» Task brief
Retype the lines below exactly, but only those from the line that has "5 Webb Road Waterville ME 04901" through the line that has "Marina La Concha Apartment *". Omit every picture.

» Data for analysis
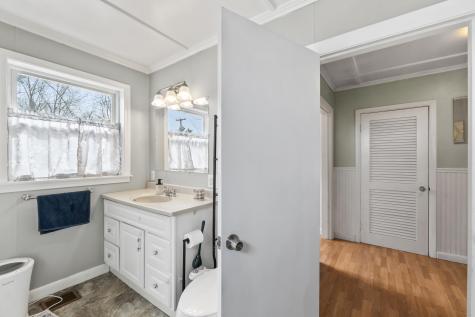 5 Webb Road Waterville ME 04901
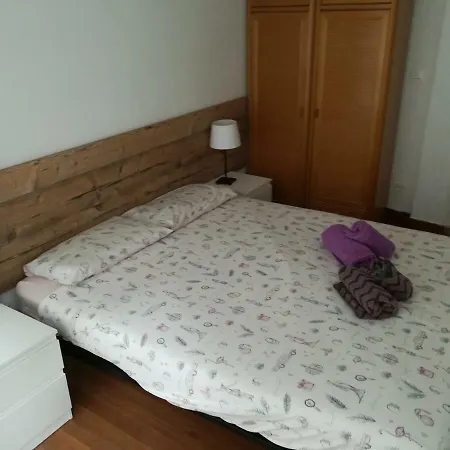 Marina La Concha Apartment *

* * *

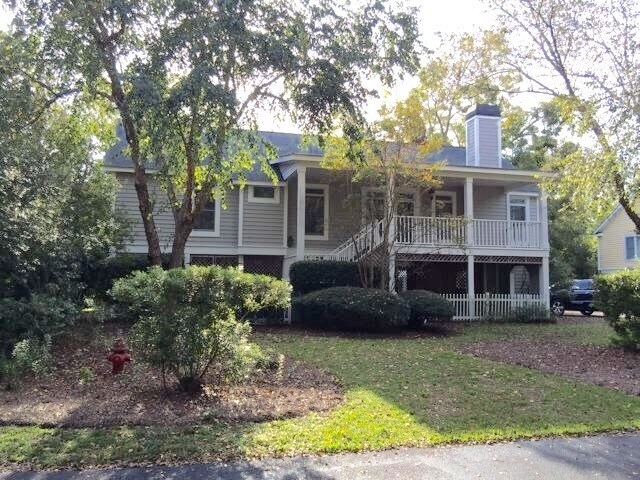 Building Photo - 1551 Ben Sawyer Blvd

» Response area
 5 Webb Road Waterville ME 04901
 Marina La Concha Apartment *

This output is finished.